CELESE faculty development teaching and research symposium
In January 2014, my department, the Center for English Language Education (CELESE) at Waseda University Faculty of Science and Engineering held our own internal faculty development symposium to share our own teaching, learning, and research projects. We have about 70 full and part-time faculty and about 15 of us gave presentations that day. It was a great event with lots of interesting talks ranging from the completely practical (e.g., classroom management) to the mostly theoretical (e.g., Actor-network theory: ANT. For my part, I talked about the CCHP and some of the findings that have come out from out. One comment I got from a colleague is, I think, worthy of some comment here.

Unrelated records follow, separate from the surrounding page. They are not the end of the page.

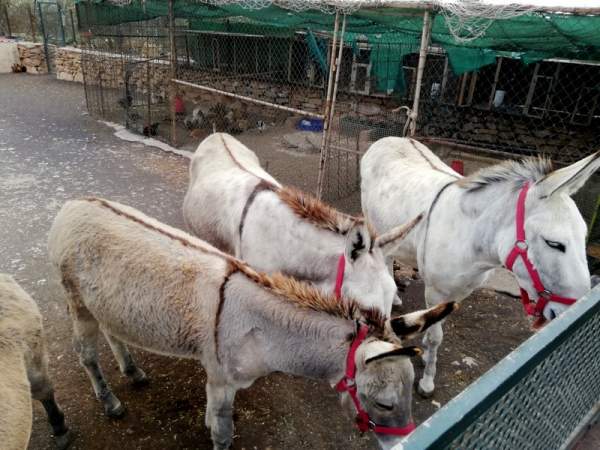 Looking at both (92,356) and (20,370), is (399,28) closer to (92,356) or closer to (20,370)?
(92,356)

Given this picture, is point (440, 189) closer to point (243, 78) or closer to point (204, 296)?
point (204, 296)

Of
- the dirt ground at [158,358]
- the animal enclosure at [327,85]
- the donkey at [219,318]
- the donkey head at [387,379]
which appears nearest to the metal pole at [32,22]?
the animal enclosure at [327,85]

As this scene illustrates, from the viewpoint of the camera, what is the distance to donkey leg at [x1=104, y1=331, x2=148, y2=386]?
3061 mm

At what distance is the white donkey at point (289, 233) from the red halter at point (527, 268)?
645 mm

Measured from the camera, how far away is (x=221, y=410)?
2.38 meters

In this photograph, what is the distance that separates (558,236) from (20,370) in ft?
9.51

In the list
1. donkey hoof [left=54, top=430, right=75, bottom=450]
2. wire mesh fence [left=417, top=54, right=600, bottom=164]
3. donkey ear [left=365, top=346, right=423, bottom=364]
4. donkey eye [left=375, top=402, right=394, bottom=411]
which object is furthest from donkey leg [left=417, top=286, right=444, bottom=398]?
wire mesh fence [left=417, top=54, right=600, bottom=164]

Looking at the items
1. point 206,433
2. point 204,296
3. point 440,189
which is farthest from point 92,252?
point 440,189

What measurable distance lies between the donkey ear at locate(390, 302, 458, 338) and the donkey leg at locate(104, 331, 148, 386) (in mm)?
2182

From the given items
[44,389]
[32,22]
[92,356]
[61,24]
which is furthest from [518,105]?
[32,22]

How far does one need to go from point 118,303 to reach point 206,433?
1201mm

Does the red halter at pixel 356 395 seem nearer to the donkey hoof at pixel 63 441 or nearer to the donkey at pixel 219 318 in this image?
the donkey at pixel 219 318

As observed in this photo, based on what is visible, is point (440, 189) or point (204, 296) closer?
point (204, 296)

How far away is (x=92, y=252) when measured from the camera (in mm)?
2500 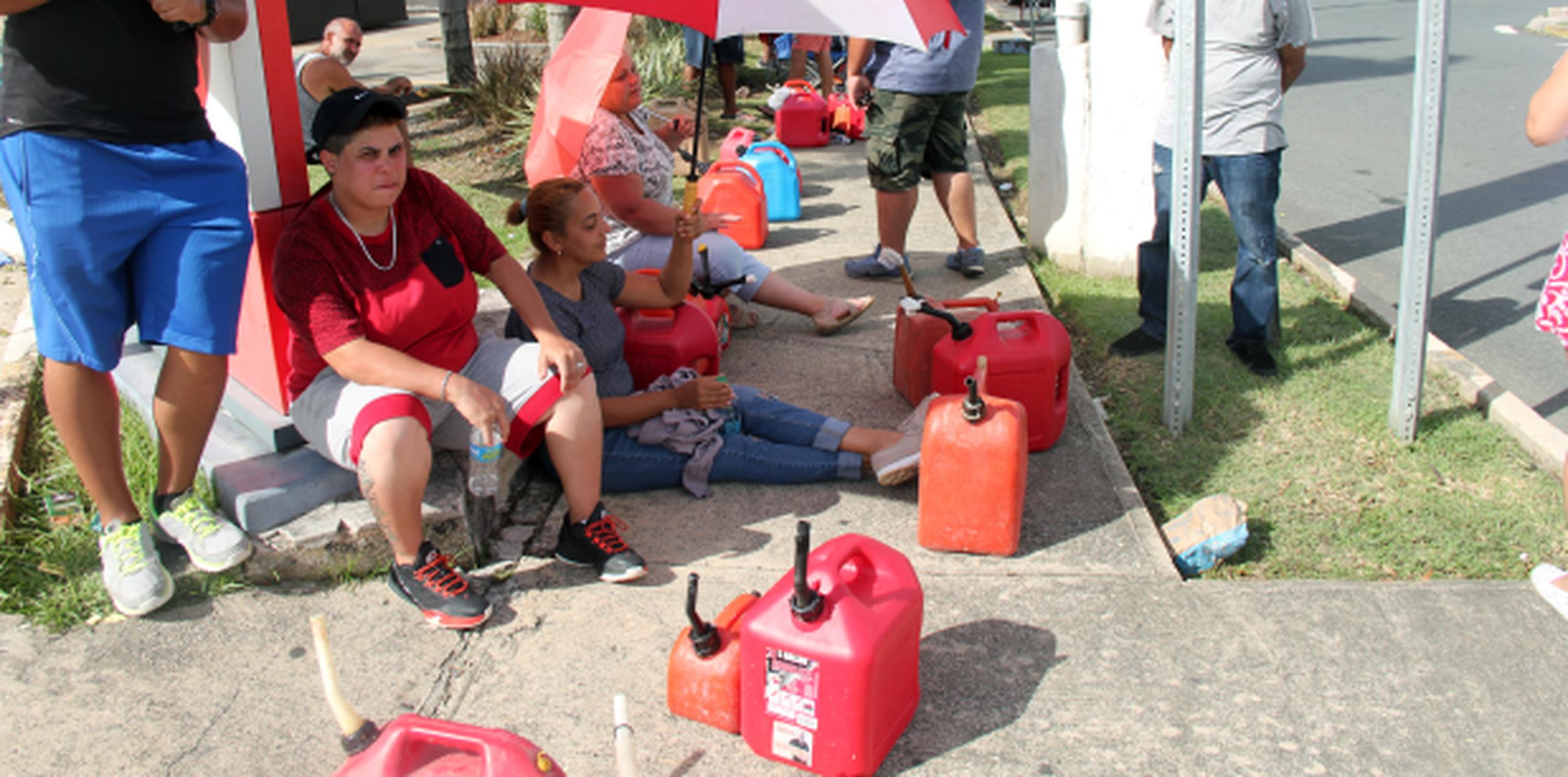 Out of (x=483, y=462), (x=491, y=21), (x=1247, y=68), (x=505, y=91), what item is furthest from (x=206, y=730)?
(x=491, y=21)

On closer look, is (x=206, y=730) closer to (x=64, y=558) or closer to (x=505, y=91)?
(x=64, y=558)

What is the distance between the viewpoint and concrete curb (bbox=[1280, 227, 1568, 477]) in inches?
156

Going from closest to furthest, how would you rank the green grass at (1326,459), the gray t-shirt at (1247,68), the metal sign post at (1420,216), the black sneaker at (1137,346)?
the green grass at (1326,459)
the metal sign post at (1420,216)
the gray t-shirt at (1247,68)
the black sneaker at (1137,346)

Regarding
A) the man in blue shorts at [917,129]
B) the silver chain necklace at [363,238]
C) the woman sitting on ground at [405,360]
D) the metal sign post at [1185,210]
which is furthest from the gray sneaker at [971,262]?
the silver chain necklace at [363,238]

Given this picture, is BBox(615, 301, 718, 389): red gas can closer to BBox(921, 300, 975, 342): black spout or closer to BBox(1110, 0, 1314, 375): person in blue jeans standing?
BBox(921, 300, 975, 342): black spout

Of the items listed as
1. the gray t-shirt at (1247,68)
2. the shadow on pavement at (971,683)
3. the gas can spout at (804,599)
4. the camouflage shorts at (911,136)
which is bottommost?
the shadow on pavement at (971,683)

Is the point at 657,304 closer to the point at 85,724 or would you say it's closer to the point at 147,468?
the point at 147,468

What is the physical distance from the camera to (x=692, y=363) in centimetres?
434

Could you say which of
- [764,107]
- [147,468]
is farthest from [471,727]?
[764,107]

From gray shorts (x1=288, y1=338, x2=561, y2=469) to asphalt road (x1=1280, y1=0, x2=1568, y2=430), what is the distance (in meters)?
3.72

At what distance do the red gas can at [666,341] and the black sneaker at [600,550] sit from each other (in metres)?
0.93

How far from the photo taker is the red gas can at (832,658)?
2436mm

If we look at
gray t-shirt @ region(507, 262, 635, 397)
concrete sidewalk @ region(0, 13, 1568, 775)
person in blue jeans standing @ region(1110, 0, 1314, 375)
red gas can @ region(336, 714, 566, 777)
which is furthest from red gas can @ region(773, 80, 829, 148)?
red gas can @ region(336, 714, 566, 777)

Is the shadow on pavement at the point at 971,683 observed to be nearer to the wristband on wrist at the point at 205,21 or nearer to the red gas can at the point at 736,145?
the wristband on wrist at the point at 205,21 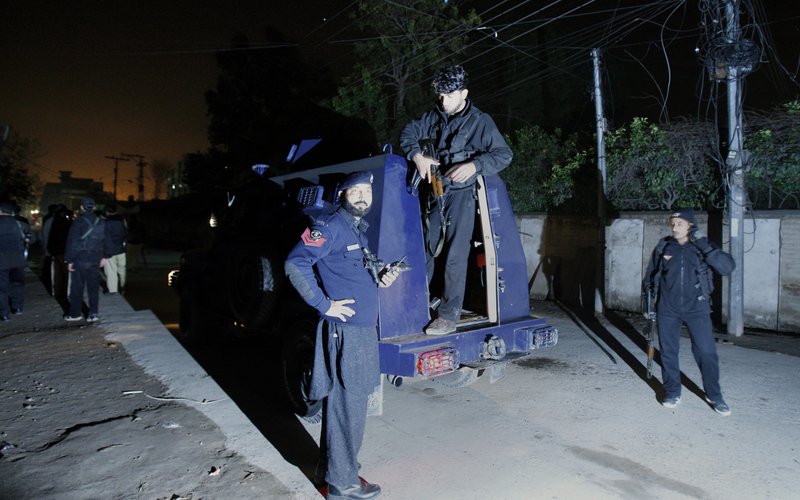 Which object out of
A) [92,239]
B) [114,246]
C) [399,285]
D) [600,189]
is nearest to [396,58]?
[600,189]

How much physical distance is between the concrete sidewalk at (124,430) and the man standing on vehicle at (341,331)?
1.35ft

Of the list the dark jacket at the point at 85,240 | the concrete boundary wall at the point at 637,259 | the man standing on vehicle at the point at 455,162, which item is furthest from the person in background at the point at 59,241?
the concrete boundary wall at the point at 637,259

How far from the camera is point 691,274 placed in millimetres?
4805

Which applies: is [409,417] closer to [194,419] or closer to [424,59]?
[194,419]

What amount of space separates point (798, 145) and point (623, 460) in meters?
7.05

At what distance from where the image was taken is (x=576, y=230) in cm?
1106

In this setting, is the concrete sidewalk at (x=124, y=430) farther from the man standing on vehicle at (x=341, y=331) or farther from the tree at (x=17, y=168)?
the tree at (x=17, y=168)

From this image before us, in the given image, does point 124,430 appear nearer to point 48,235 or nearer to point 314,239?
point 314,239

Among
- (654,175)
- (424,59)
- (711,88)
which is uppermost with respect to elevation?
(424,59)

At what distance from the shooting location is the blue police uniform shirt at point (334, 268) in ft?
10.2

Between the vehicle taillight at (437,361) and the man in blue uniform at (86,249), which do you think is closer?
the vehicle taillight at (437,361)

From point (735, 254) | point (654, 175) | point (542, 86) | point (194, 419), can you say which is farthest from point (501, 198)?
point (542, 86)

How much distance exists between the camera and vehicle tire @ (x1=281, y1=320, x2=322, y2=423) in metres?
4.46

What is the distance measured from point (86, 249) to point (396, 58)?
12648 millimetres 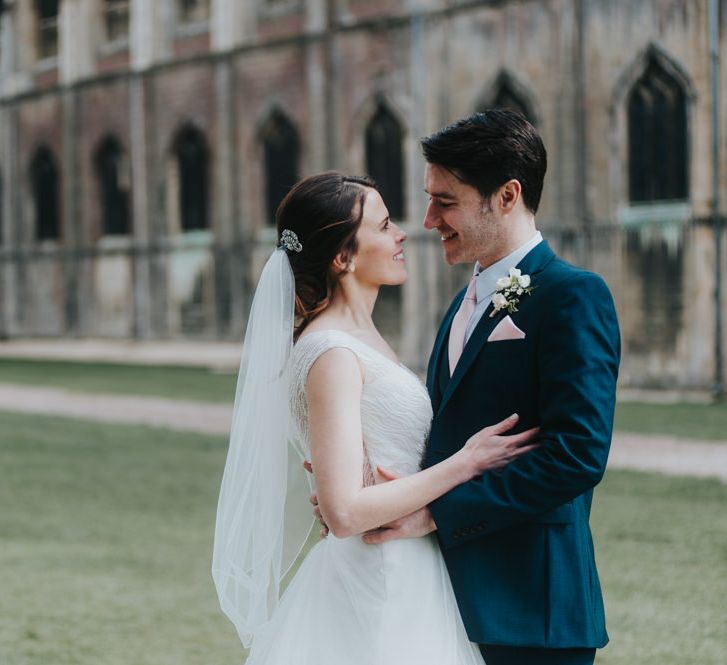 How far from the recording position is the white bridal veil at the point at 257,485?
3434mm

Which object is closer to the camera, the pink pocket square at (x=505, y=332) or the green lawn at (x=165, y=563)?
the pink pocket square at (x=505, y=332)

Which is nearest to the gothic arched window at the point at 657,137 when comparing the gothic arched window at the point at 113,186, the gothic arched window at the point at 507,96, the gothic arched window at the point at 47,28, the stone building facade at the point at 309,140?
the stone building facade at the point at 309,140

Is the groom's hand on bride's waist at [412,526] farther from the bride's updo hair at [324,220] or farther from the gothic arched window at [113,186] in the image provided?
the gothic arched window at [113,186]

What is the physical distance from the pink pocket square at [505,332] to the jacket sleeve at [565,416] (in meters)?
0.06

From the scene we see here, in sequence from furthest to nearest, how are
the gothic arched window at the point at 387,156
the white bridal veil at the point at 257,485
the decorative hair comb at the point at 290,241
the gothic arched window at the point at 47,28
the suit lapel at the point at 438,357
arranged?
the gothic arched window at the point at 47,28 < the gothic arched window at the point at 387,156 < the white bridal veil at the point at 257,485 < the decorative hair comb at the point at 290,241 < the suit lapel at the point at 438,357

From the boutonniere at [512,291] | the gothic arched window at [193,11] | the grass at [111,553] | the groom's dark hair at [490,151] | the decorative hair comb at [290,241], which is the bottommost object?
the grass at [111,553]

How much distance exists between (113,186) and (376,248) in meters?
28.0

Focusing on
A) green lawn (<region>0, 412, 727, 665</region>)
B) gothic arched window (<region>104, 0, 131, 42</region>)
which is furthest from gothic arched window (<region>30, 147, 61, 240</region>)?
green lawn (<region>0, 412, 727, 665</region>)

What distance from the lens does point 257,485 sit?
353 centimetres

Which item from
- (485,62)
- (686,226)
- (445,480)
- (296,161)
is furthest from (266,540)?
(296,161)

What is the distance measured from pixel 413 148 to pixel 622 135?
4.48 metres

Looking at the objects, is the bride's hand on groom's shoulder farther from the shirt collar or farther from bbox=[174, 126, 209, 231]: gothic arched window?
bbox=[174, 126, 209, 231]: gothic arched window

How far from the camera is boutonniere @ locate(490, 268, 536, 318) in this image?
275 centimetres

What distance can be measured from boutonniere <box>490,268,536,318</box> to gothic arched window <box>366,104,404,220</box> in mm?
20213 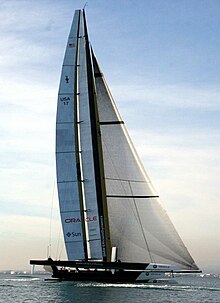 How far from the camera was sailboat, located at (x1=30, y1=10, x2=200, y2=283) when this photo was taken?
44938mm

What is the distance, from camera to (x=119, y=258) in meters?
45.8

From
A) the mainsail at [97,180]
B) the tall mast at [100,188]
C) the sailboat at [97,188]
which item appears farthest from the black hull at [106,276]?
the tall mast at [100,188]

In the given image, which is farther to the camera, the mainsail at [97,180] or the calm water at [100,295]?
the mainsail at [97,180]

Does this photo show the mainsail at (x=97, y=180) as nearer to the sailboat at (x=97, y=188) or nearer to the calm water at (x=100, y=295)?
the sailboat at (x=97, y=188)

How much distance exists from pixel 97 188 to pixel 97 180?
0.59 metres

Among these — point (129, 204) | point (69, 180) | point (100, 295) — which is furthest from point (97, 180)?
point (100, 295)

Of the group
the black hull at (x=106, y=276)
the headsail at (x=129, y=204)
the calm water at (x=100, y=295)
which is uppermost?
the headsail at (x=129, y=204)

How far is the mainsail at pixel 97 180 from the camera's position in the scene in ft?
150

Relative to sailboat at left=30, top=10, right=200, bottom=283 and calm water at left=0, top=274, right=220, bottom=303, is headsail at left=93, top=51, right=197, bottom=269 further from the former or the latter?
calm water at left=0, top=274, right=220, bottom=303

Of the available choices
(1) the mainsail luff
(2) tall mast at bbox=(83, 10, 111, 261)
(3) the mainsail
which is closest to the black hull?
(3) the mainsail

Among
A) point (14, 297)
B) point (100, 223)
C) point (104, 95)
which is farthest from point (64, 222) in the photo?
point (104, 95)

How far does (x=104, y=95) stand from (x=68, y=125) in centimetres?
369

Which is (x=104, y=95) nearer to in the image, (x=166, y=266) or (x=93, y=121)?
(x=93, y=121)

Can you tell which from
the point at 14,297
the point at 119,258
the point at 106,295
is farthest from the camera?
the point at 119,258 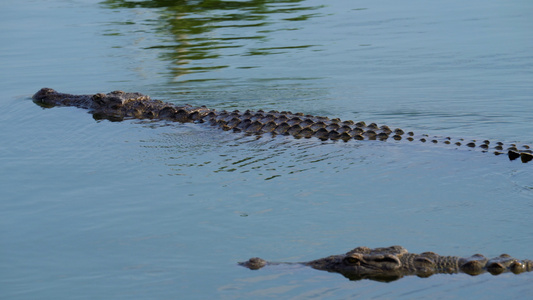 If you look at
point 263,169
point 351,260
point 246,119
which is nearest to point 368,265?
point 351,260

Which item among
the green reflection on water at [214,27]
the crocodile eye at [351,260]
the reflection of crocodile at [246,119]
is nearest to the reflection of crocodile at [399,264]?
the crocodile eye at [351,260]

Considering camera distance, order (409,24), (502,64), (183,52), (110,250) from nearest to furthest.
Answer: (110,250) < (502,64) < (183,52) < (409,24)

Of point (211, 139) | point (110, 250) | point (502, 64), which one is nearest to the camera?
point (110, 250)

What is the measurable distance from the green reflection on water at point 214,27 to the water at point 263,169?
117mm

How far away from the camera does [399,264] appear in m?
5.65

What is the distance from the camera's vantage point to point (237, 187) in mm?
7711

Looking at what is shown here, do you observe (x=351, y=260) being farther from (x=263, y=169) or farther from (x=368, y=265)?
(x=263, y=169)

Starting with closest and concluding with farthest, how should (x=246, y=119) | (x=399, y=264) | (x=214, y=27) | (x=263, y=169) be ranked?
(x=399, y=264)
(x=263, y=169)
(x=246, y=119)
(x=214, y=27)

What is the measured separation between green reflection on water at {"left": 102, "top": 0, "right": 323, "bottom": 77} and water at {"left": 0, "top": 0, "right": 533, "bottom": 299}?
0.12m

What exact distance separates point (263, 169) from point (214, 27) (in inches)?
406

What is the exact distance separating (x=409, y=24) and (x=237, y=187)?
33.9 ft

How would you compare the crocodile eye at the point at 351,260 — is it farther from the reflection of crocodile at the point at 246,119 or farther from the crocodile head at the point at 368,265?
the reflection of crocodile at the point at 246,119

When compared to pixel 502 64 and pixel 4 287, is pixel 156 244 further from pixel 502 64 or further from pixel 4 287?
pixel 502 64

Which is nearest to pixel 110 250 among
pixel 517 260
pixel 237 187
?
pixel 237 187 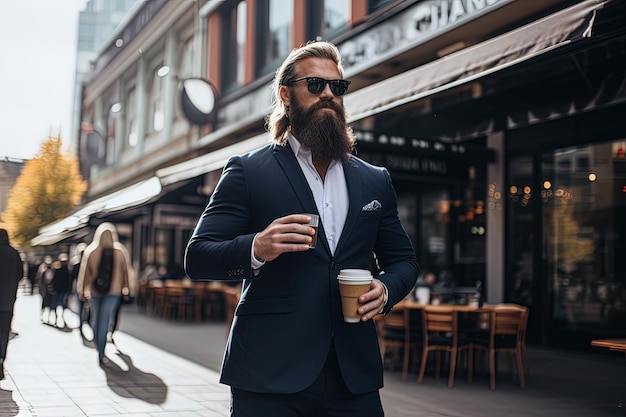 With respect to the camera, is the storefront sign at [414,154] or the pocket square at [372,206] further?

So, a colleague looked at one of the graphs showing the relationship between one fluency factor (e.g., speech rate, silent pause duration, filled pause rate) and noted that although analyses of variance gave a significant result, a large number of the actual data points were quite far from the regression line (i.e., the residuals were quite large). I didn't really have a good answer for him at the time (though I should have) except to simply underscore the fact that the p-values were significant. This was not sufficient. What I needed to have done was to give a proper linear model result as well as to include a measure of how much variance was explained by the model (e.g., r2 or Cohen's d). I should have also pointed out that I was presenting the results with respect to several different factors separately and thus, the variance not explained by any single factor may have been explained (in part) by a combination of the other factors. In short, I think I should have just done a full linear effects model with all of the factors at once and presented those results. Live and learn, I guess.
Anyone who'd like to see the slides from this presentation can access them here.
[Note: This post was published in August 2015 but has been dated in order to reflect the actual timing of the events described here.]